NeuroShard

This is the implementation of Pre-train and Search: Efficient Embedding Table Sharding with Pre-trained Neural Cost Models, accepted by MLSys 2023. Sharding a large machine learning model across multiple devices to balance the costs is important in distributed training. This is challenging because partitioning is NP-hard, and estimating the costs accurately and efficiently is difficult. In this work, we explore a "pre-train, and search" paradigm for efficient sharding. The idea is to pre-train a universal and once-for-all neural network to predict the costs of all the possible shards, which serves as an efficient sharding simulator. Built upon this pre-trained cost model, we then perform an online search to identify the best sharding plans given any specific sharding task.
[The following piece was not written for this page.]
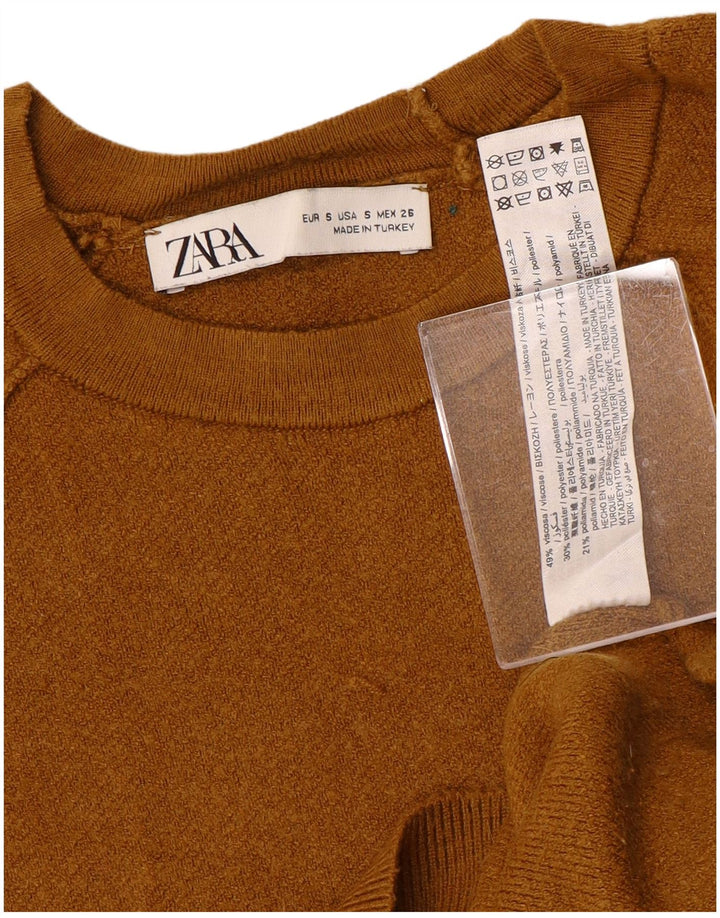 Γυναικείο πουλόβερ ZARA Crop Oversized Crew Neck Jumper UK 10 Small Brown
Neuroshard utilizes pre-trained cost models for embedding table sharding, and generally involves the following steps:

Input generation: A large number of possible table configurations with data augmentation are randomly generated, along with a large number of possible table sharding plans with varying levels of balance.
Pre-training: The cost of each generated data point on hardware is evaluated, and three neural networks are pre-trained to predict computation cost, forward communication cost, and backward communication cost, respectively.
Online search: After training the neural cost models, the optimal sharding plan is identified for any sharding task using a search algorithm. The algorithm does not rely on hardware to obtain costs during the search process, instead using the cost models, which is efficient.

Cite this Work

If you find this project helpful, please cite

@inproceedings{zha2023pretrain,
  title={Pre-train and Search: Efficient Embedding Table Sharding with Pre-trained Neural Cost Models},
  author={Zha, Daochen and Feng, Louis and Luo, Liang and Bhushanam, Bhargav and Liu, Zirui and Hu, Yusuo and Nie, Jade and Huang, Yuzhen and Tian, Yuandong and Kejariwal, Arun and Hu, Xia},
  booktitle={Conference on Machine Learning and Systems},
  year={2023}
}

Installation

Step 1: install PyTorch

pip3 install torch==1.8.0

Step 2: install FBGEMM

Follow the instructions in https://github.com/pytorch/FBGEMM to install the embedding operators

Step 3: install NeuroShard

pip3 install -e .

Run on the DLRM Dataset

Step 1: Download DLRM dataset

Download the data with git lfs at https://github.com/facebookresearch/dlrm_datasets

Step 2: Process the dataset

python3 tools/gen_dlrm_data.py

Note that you need to change --data argument to the path of the downloaded DLRM dataset.

Step 3: Generate training and testing tasks

python3 tools/gen_tasks.py

Note that --data_dir specifies the DLRM dataset directory, and --out_dir indicates the output directory.

Step 4: Collect cost data

python3 collect_compute_cost_data.py